Fighting also broke out between Christian militiamen and the Lebanese Army near the port city of Sidon. By midweek, hundreds of Muslim residents of predominantly Christian villages had fled to Sidon. In the Beirut area, Islamic fundamentalists kidnaped a French diplomat, and two other employees of the French embassy were presumed to have been abducted, bringing to six the number of Westerners who have disappeared in the capital in the past two weeks. A telephone caller to Western news agencies in Beirut claimed that the radical group Islamic Holy War was holding the three.

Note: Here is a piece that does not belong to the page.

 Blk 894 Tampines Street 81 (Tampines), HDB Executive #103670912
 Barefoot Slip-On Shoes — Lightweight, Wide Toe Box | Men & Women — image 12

On the Christian side, the standoff continued between President Amin Gemayel, who is a Maronite Christian, and the Christian officers who have seized control of the combined militias long dominated by the Gemayel family. From the beginning of the revolt two weeks ago, the rebels' anger is believed to have been directed at Gemayel for transferring his loyalty from Israel to Syria. The rebels insisted last week that they thought Gemayel was too autocratic in presuming to be both leader of the Christian community and President of Lebanon. They proposed the creation of a special council that would serve as a parliament for Lebanon's 1 million or more Christians. $
The Syrians, who are pledged to support Gemayel and his government, have reinforced some of their military positions around the area controlled by the Christian insurgents. They are not eager for a battle, partly because they realize that a Syrian rescue of Gemayel could easily bring about his downfall. For the moment they are content to use pressure rather than force against the rebels in the hope that the threat to Gemayel's rule will recede.